PROBLEM DESCRIPTION → Print the first line of the records below and every line after it, up to and including the line with "So another important". Print nothing else.

(Data records)
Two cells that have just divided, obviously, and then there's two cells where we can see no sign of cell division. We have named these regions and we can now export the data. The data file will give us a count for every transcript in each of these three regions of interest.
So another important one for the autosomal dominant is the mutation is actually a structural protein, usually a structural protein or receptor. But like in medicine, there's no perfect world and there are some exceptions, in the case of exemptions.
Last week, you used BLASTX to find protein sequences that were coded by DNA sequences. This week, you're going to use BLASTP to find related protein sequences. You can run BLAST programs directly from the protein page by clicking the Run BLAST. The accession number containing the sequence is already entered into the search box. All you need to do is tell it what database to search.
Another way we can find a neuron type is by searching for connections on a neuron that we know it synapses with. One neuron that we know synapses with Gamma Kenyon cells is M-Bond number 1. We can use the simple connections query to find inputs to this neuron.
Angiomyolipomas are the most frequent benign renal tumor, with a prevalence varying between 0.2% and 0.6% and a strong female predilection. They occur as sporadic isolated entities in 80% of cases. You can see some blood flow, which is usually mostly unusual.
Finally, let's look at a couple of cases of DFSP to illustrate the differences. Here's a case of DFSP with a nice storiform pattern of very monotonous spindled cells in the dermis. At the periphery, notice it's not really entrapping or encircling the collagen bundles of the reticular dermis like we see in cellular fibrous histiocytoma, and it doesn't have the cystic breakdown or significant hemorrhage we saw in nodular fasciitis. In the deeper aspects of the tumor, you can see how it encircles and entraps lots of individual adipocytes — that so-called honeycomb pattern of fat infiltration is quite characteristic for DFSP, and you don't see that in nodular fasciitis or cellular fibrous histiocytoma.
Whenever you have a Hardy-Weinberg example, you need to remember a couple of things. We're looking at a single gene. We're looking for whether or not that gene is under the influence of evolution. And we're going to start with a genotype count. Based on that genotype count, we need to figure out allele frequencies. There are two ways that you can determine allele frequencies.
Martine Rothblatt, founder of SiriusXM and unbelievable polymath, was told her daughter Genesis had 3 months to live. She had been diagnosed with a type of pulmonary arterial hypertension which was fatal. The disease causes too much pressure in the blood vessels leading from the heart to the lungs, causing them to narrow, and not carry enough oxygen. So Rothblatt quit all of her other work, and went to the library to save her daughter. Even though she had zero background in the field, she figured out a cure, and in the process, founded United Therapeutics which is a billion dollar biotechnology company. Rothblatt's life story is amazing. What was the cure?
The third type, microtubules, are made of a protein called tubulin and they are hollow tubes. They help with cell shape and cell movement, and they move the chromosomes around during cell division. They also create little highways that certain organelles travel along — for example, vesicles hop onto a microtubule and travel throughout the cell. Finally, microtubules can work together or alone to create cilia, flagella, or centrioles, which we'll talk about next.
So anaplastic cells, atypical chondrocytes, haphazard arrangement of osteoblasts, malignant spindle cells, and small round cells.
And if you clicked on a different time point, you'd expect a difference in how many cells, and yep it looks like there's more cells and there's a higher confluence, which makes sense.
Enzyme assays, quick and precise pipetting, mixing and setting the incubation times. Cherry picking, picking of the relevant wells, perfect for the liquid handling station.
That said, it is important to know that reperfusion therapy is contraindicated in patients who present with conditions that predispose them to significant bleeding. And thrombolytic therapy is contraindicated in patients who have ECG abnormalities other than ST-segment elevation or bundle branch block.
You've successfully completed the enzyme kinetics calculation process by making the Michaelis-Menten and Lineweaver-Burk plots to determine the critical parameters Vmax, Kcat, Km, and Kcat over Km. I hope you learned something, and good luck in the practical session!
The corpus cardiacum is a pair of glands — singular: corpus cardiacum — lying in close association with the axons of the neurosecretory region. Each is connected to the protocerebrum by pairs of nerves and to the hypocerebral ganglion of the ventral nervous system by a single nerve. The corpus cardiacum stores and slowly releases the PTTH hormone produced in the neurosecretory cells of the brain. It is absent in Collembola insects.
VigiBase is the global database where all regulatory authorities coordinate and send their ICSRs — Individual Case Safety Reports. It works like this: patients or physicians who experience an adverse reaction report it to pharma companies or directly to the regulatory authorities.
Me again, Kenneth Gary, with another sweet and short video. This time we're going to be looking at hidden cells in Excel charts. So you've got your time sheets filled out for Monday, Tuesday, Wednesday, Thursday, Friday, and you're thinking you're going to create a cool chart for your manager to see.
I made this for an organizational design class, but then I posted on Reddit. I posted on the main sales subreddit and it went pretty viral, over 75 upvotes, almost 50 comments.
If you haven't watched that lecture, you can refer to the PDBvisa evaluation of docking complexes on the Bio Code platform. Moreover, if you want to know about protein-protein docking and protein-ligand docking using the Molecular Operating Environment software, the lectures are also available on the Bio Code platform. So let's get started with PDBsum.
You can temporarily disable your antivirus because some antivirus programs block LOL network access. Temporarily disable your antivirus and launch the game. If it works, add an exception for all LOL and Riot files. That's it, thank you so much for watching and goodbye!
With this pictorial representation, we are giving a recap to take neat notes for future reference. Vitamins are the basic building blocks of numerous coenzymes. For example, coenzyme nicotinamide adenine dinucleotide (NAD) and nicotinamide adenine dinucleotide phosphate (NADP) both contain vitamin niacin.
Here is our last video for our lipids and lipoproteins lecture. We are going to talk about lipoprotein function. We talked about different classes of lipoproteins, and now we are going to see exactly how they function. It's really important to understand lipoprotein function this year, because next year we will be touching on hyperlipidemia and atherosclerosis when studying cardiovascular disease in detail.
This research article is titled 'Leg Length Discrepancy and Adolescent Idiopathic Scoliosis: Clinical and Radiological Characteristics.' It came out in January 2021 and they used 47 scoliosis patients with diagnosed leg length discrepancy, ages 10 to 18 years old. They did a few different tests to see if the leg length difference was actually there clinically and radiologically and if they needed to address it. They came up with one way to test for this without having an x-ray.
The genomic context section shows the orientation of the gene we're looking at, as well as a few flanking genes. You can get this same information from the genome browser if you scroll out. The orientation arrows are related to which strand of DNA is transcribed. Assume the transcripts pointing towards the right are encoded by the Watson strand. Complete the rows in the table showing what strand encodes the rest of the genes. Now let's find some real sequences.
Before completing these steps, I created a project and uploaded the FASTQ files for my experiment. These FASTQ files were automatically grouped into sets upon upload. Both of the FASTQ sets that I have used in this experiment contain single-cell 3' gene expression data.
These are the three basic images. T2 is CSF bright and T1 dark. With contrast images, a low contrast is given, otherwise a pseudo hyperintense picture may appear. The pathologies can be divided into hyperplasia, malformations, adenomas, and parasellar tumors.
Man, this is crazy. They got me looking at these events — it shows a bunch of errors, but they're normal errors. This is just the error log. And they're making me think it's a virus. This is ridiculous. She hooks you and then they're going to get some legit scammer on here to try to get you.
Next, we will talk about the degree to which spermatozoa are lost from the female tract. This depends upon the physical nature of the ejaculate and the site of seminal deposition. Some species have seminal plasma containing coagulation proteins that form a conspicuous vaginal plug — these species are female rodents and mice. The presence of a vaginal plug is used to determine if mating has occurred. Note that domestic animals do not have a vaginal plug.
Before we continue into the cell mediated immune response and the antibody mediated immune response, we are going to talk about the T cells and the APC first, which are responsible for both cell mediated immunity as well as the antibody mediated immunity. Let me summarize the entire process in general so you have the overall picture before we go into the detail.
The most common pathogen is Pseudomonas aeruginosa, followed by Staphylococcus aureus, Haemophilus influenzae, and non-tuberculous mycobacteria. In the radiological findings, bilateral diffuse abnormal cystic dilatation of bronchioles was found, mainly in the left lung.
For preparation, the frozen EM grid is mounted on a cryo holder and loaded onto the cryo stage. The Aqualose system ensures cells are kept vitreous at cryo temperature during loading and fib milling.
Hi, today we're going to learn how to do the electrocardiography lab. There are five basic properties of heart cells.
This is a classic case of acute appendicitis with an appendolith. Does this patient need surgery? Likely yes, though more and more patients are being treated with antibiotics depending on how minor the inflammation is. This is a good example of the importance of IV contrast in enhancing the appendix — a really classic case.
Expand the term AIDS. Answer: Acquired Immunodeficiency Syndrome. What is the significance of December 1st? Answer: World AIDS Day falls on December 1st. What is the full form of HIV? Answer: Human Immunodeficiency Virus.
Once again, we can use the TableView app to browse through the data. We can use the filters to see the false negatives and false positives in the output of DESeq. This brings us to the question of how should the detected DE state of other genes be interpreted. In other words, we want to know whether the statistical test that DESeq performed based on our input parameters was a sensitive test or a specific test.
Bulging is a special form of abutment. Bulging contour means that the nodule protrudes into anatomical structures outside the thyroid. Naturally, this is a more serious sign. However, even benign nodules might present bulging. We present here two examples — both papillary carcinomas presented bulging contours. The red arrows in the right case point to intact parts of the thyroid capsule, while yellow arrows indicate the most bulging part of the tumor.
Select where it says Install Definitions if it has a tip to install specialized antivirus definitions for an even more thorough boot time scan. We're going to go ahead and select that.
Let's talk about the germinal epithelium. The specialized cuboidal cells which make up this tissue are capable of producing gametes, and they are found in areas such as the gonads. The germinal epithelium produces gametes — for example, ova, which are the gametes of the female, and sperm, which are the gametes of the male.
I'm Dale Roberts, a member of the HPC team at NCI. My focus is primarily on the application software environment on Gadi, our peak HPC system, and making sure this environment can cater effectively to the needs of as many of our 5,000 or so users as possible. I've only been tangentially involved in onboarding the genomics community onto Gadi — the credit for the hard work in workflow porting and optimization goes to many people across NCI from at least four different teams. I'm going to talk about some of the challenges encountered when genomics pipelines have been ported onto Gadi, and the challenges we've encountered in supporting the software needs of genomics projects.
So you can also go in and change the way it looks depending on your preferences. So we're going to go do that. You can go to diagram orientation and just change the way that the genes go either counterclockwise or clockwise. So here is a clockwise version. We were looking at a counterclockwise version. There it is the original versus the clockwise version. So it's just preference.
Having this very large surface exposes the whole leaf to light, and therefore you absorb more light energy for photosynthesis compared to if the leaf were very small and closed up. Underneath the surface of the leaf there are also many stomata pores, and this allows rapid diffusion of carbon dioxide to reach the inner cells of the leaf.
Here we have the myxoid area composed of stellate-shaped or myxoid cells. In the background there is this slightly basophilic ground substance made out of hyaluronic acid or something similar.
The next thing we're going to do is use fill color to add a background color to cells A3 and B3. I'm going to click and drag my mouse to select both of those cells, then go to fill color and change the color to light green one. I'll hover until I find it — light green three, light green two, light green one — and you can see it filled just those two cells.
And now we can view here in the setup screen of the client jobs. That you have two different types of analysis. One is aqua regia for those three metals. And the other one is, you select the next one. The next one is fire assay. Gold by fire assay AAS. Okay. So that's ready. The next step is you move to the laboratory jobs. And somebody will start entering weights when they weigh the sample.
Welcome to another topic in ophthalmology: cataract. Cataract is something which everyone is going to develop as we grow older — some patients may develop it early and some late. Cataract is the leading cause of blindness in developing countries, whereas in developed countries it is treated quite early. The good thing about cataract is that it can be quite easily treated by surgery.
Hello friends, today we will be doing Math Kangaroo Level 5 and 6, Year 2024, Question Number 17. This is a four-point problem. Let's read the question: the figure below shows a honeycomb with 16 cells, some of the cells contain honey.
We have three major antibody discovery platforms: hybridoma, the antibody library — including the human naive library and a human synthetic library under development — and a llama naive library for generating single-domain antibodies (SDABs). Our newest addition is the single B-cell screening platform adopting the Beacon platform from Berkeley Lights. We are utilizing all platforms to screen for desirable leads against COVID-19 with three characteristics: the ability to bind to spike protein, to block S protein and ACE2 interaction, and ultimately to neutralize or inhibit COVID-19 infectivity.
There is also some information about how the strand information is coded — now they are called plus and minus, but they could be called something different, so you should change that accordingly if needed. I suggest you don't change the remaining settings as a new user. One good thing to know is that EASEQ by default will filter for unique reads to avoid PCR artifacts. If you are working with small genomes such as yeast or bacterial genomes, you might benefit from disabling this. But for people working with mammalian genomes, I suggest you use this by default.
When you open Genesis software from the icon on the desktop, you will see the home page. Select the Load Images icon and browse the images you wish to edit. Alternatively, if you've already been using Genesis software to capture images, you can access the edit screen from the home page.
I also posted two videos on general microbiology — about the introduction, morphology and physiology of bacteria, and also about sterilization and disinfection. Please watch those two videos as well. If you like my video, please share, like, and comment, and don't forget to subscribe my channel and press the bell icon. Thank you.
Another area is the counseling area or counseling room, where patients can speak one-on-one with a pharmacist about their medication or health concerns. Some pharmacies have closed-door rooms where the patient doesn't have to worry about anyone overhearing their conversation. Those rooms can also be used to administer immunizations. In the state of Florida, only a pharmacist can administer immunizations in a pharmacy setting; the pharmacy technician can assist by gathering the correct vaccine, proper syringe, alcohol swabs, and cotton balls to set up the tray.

EXERCISE OUTPUT →
Two cells that have just divided, obviously, and then there's two cells where we can see no sign of cell division. We have named these regions and we can now export the data. The data file will give us a count for every transcript in each of these three regions of interest.
So another important one for the autosomal dominant is the mutation is actually a structural protein, usually a structural protein or receptor. But like in medicine, there's no perfect world and there are some exceptions, in the case of exemptions.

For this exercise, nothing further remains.